Le non-respect des programmes de stabilité s'expliquant presque exclusivement par l'augmentation du déficit structurel, les moins-values de recettes n'ont joué qu'un rôle marginal, comme l'indique le graphique ci-après.

Les recettes publiques : prévision et exécution

(en points de PIB)

Sources : Commission européenne, programmes de stabilité

Les recettes publiques ont représenté 50,2 % du PIB en 2002, soit quasiment ce que prévoyait le programme de stabilité 2000-2002 (50,3 % du PIB).

Les prévisions relatives à la part des recettes publiques dans le PIB des programmes de stabilité suivants ont, quant à elles, peu évolué, la part des recettes publiques ayant toujours été comprise entre 50 % du PIB et 51 % du PIB, sans qu'apparaisse une tendance nette, alors que le taux de recettes publiques effectivement observé est passé de 50,2 % du PIB en 2002 à 50,8 % du PIB en 2004.

En particulier, les nouvelles dépenses fiscales auraient un impact relativement modeste. Selon le gouvernement26(*), les mesures nouvelles sur les prélèvements obligatoires n'auraient ainsi correspondu qu'à 0,2 point de PIB en 2003, 0,1 point de PIB en 2004 et 0,1 point de PIB en 2005.

2. Un objectif de maîtrise des dépenses non tenu par rapport à la programmation

a) Une programmation des dépenses dans le PIB systématiquement dépassée

Le report constant de l'objectif de retour à l'équilibre s'explique par le dérapage constant des dépenses publiques, comme l'indique le graphique ci-après.

Les dépenses publiques : prévision et exécution

(en points de PIB)

Sources : Commission européenne, programmes de stabilité

L'écart est spectaculaire.

Chaque programme de stabilité prévoit une diminution de la part des dépenses publiques dans le PIB, de l'ordre de 0,6 point par an.

L'évolution a été conforme aux prévisions en 2000, le taux des dépenses publiques étant passé de 53,5 % du PIB en 1999 à 52,5 % en 2001. Depuis cette date, le taux de dépenses publiques prévu par la première année des programmes de stabilité successifs est systématiquement dépassé. En 2002 et en 2003, ce taux a été supérieur de plus d'un point de PIB aux prévisions. En 2004, il leur a été supérieur de plus de 0,5 point de PIB.

Il s'agit là du défaut majeur des programmes de stabilité.

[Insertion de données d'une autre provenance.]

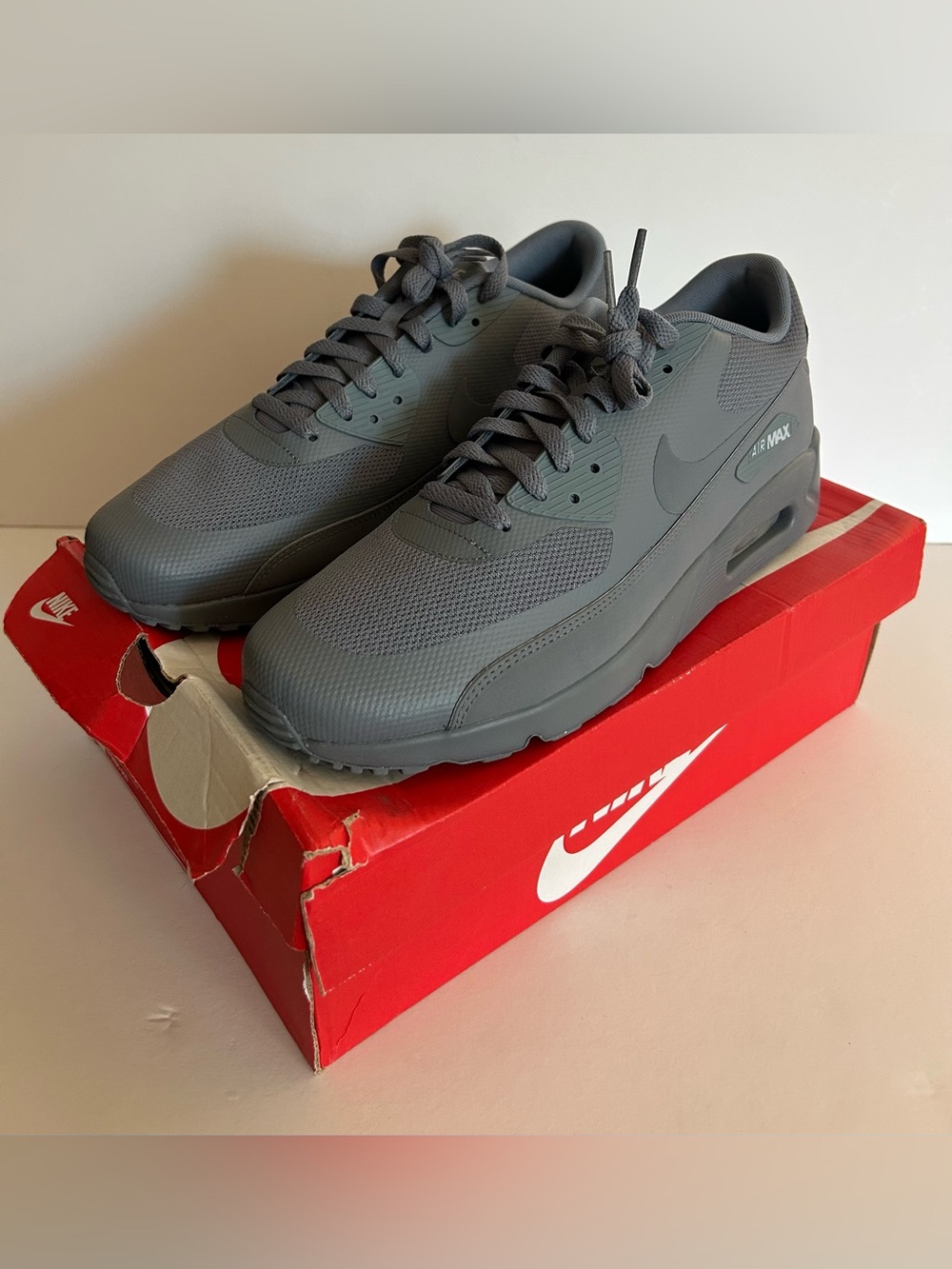 Nike Air Max 90 Ultra 2.0 Essential Sneakers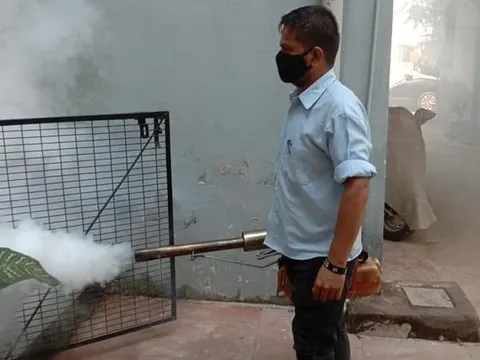 RWA पॉकेट B, सिद्धार्थ एक्सटेंशन द्वारा फॉगिंग के लिए पार्षद का धन्यवाद — 4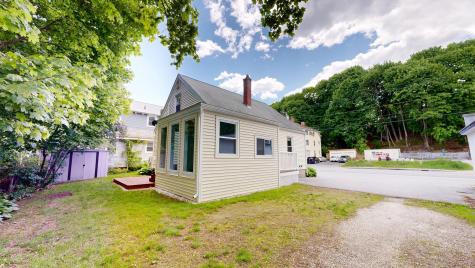 118 Riverside Drive Auburn ME 04210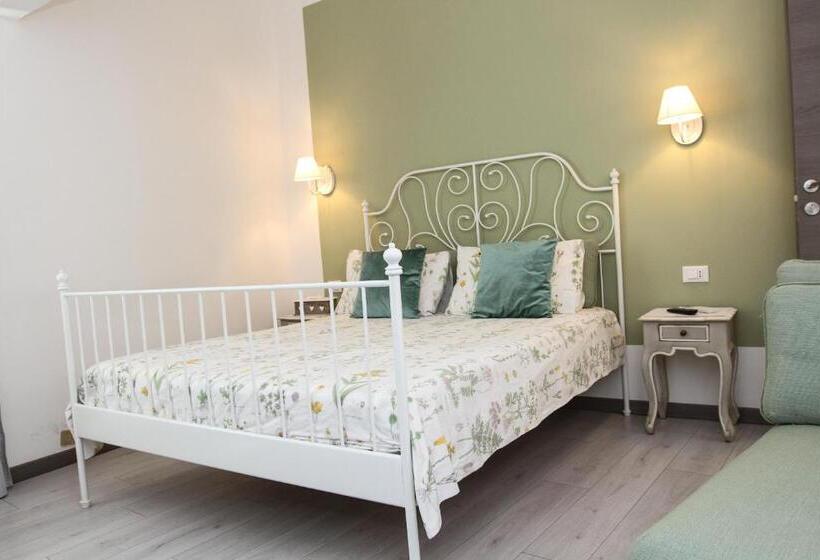 اتاق استاندارد سه نفره, Carducci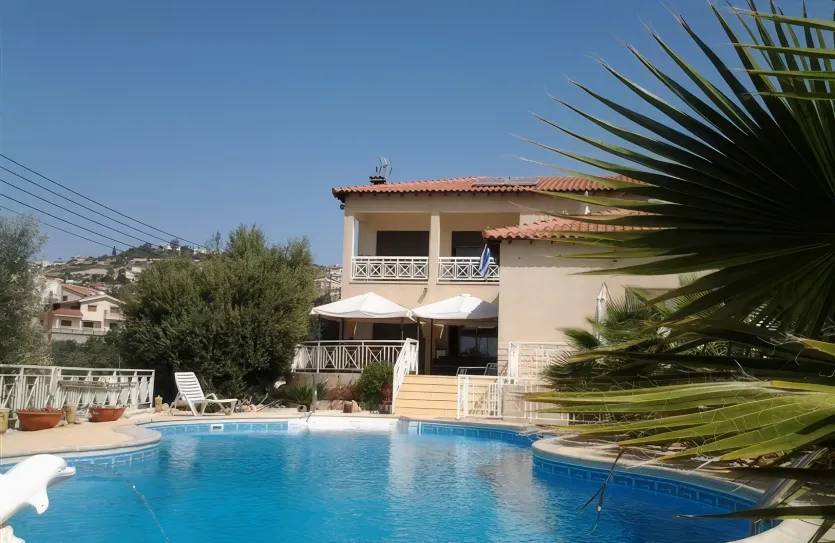 Дом с 3-мя спальнями продажа - 14052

Ceux-ci n'indiquent pas l'évolution probable des dépenses publiques, ce qui explique que l'objectif de déficit public soit systématiquement dépassé.

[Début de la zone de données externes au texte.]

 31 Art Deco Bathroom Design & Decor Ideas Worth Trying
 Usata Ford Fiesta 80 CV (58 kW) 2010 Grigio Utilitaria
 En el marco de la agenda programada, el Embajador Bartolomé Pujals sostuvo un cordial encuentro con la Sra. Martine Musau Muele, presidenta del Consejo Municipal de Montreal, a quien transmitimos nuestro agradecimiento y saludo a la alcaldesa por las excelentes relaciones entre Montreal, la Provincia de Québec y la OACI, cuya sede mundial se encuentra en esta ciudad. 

b) Un taux de croissance des dépenses publiques nettement supérieur à la programmation

Ce dérapage de la part des dépenses publiques dans le PIB vient du fait qu'à l'exception de l'année 2004, la croissance des dépenses publiques a toujours été nettement supérieure aux prévisions, comme l'indique le graphique ci-après.

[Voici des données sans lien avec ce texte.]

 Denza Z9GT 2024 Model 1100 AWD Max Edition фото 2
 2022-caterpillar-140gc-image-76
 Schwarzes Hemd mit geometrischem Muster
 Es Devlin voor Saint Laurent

Taux de croissance des dépenses publiques : programmation et exécution

(croissance réelle, en %)

Sources : Insee, programmes de stabilité

La croissance réelle des dépenses publiques a été en moyenne de 2,3 % de 1990 à 2003, comme sur la période couverte par les programmes de stabilité (2000-2004), qui n'ont donc pas permis à ce stade une meilleure maîtrise des dépenses publiques. Les différents programmes de stabilité prévoyaient quant à eux un taux compris entre 1,1 % et 1,5 %. Les dépenses publiques réelles n'ont connu un taux de croissance compris dans cette fourchette que trois années depuis 1990.

* 26 Rapport économique, social et financier pour 2005.